そう言いながら取り出した画用紙には、黒くて太い足が2本だけ描かれていました。どうやら後ろ足らしいのですが、お腹も腰も真っ黒です。部屋に集まった20人ほどの子ども達とその親御さん達が「なんだこれは?」といった顔で見つめます。「ゴリラ…かなぁ」といった自信なさげな声。
 「もう1枚見てみましょうか」。
 次に出てきたのは、どうやら前足です。こちらも黒くて太い足。四つ足で、ぽっちゃりした動物。足の太さと短さから見て、あまり大きな動物ではなさそうです。お腹から胸にかけて全部真っ黒なのですが……、ちょっと待って、よく見ると胸の上にオレンジ色の部分が見えます。あれは何だろう?
 「わかった、レッサーパンダだ!」
 突然、子どもが叫びました。もう分かっちゃったの?と思いつつ、「レッサーパンダ?どうだろう?」ともったいぶって、3枚目をめくりました。オレンジ色の背中と、茶色と黒のしましまの太いしっぽ。これならもう分かりますよね。最後の1枚に描かれていたのは、もちろんキュートなレッサーパンダの顔でした。
 「そう、レッサーパンダでした。すぐ分かっちゃったね。拍手〜!!」
 会場は、ボランティアと親御さんたちの拍手と笑い声に包まれました。
 私たちガイドボランティアは、今年度から新たに「ふれんど班」を立ち上げ、静岡市動物園協会主催のもと、動物園親子教室を始めることにしました。
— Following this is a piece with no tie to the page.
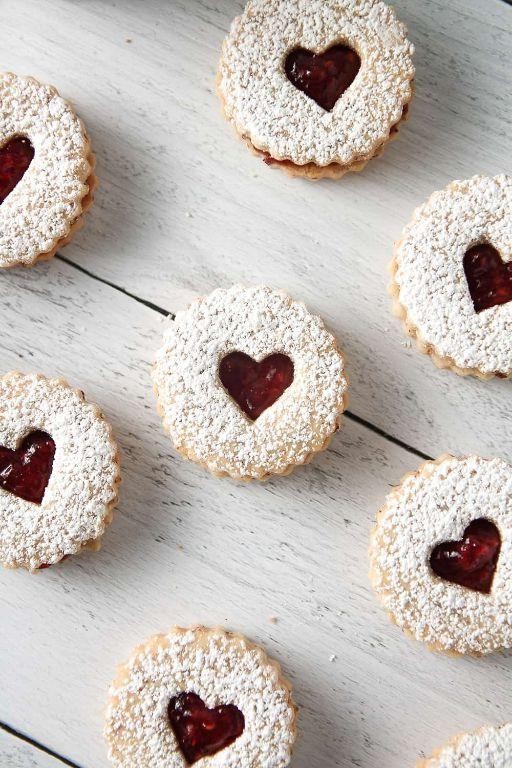 Raspberry Jam Filbert Linzer Cookies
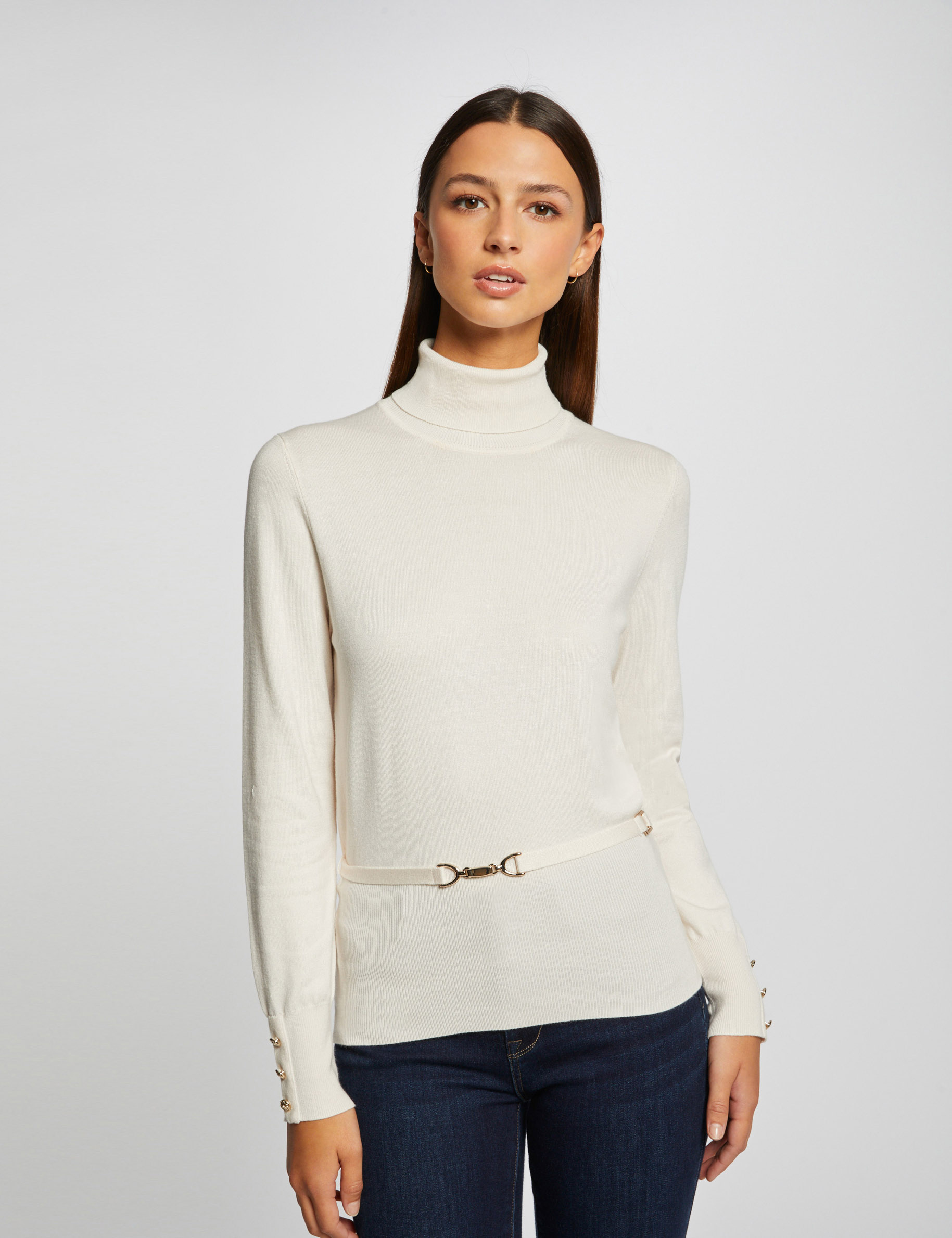 Image of Pull manches longues avec ornement ivoire femme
毎回20組ほどの親子が集まり、絵本や紙芝居、クイズや工作を通じて、その回ごとのテーマの動物を学びます。参加希望者が多かったので、2か月ずつ同じ内容を実施し、偶数月コースと奇数月コースに分かれて参加してもらう形にしたのですが、それでもあっという間に定員に達してしまいました。これまでに、4月・5月の2回を実施したのですが、皆さんとても熱心に参加してくださって、実施する私たちの方が圧倒されるくらいです。
 4月・5月のテーマはレッサーパンダで、なんと、日本平動物園のオリジナル紙芝居が登場しました。でっきぶらしのイラストを書いている高見洋子さんが絵を担当してくださった素敵な紙芝居です。日本平動物園でのレッサーパンダの生活はもちろん、ちょっと難しい動物園の役割などの話を分かりやすく書いていて、幼稚園・保育園の年中さんくらいの子ども達がしっかり聞いてくれました。
 紙芝居の後はクイズ。「レッサーパンダは暑いのと寒いの、どっちが苦手?」と質問します。紙芝居の中で、部屋にクーラーが付いていたことを覚えていた子どもには簡単なクイズです。そして、レッサーパンダのふわふわの毛を集めた箱の中に手を入れてもらうのです。他にも、食べ物(竹やリンゴ、ペレット)や得意なこと(木登り)、どこから来たのか(中国)なども聞いて、実際にレッサーパンダが食べた竹の枝を見せたりしました。
 続いて工作。今回は紙皿やリベットを使って、ゆらゆらと動くレッサーパンダの起きあがりこぼしのような物を作りました。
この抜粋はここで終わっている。